§ **What you have to do**: Each line below is to be repeated exactly; any picture is to be left out.

§ **Supplied data**:
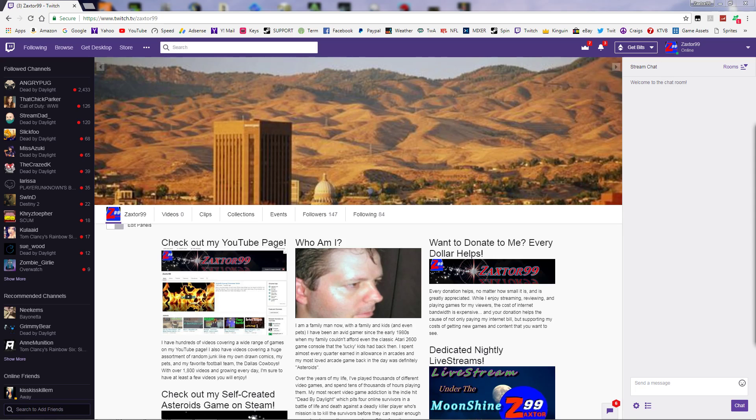Live stream Under the Moonshine number 217 - that will be on Twitch Live. See you there everybody, thanks for watching!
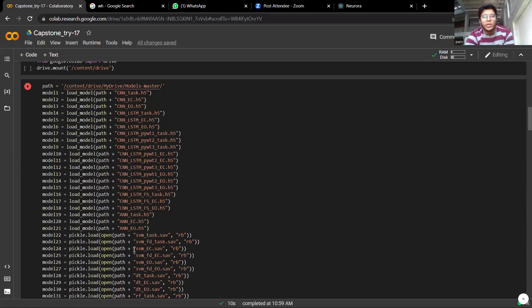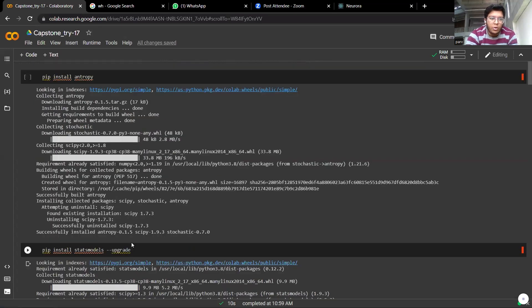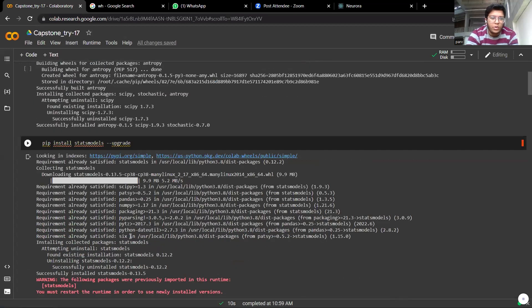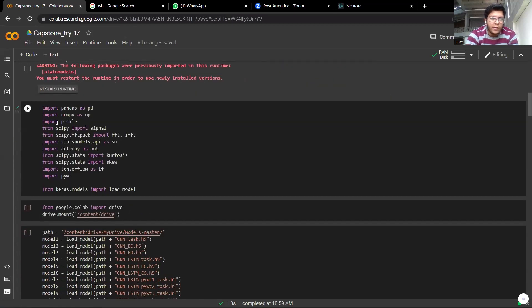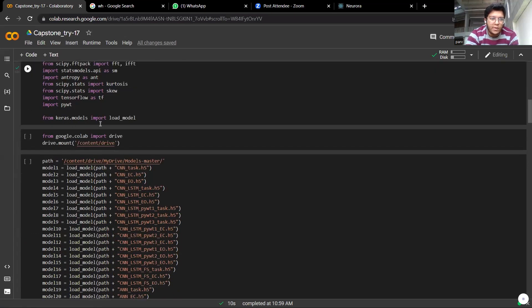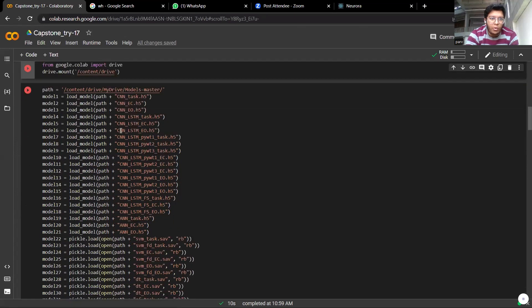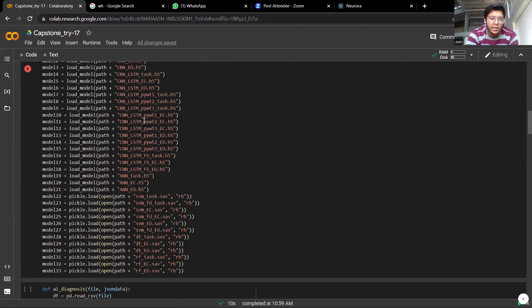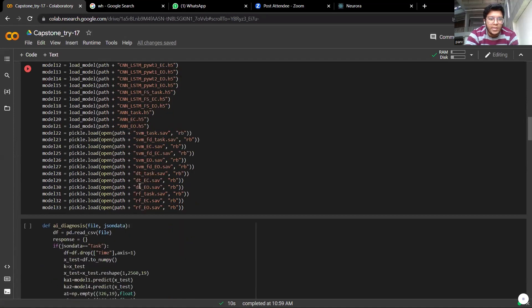So here is the Google Colab notebook that we have used to test our models. The various libraries that we have used like Pandas and NumPy, different TensorFlow as well. And here are all the models that we have used: basic CNN, CNN SVM, artificial neural network, SVM, decision tree, random forest.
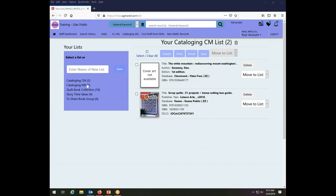This library has set up lists for cataloguing purposes so that individual staff members can keep track of their own cataloguing material, as well as some lists for other collection development purposes and planning story times. You can use the lists for anything that is useful to your library and you can have many different lists created.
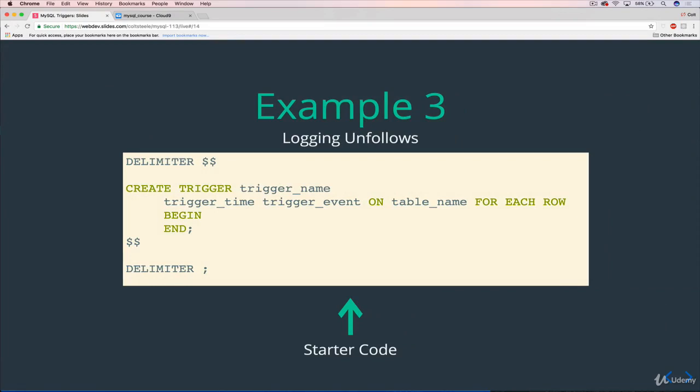Now, you could argue there are other ways of doing this. You could, instead of creating a new entry in a table, you could take the original follows table and have a status active or deactivated or following and unfollowed or something like that, that you could toggle on and off. There are merits to that. There are merits to both sides. But because this is in the trigger section, it's a great example, and it's a really common application, just logging information, logging events that happen. It's probably the most common use for triggers.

§ **Exercise solution**:
Live stream Under the Moonshine number 217 - that will be on Twitch Live. See you there everybody, thanks for watching!
So here is the Google Colab notebook that we have used to test our models. The various libraries that we have used like Pandas and NumPy, different TensorFlow as well. And here are all the models that we have used: basic CNN, CNN SVM, artificial neural network, SVM, decision tree, random forest.
This library has set up lists for cataloguing purposes so that individual staff members can keep track of their own cataloguing material, as well as some lists for other collection development purposes and planning story times. You can use the lists for anything that is useful to your library and you can have many different lists created.
Now, you could argue there are other ways of doing this. You could, instead of creating a new entry in a table, you could take the original follows table and have a status active or deactivated or following and unfollowed or something like that, that you could toggle on and off. There are merits to that. There are merits to both sides. But because this is in the trigger section, it's a great example, and it's a really common application, just logging information, logging events that happen. It's probably the most common use for triggers.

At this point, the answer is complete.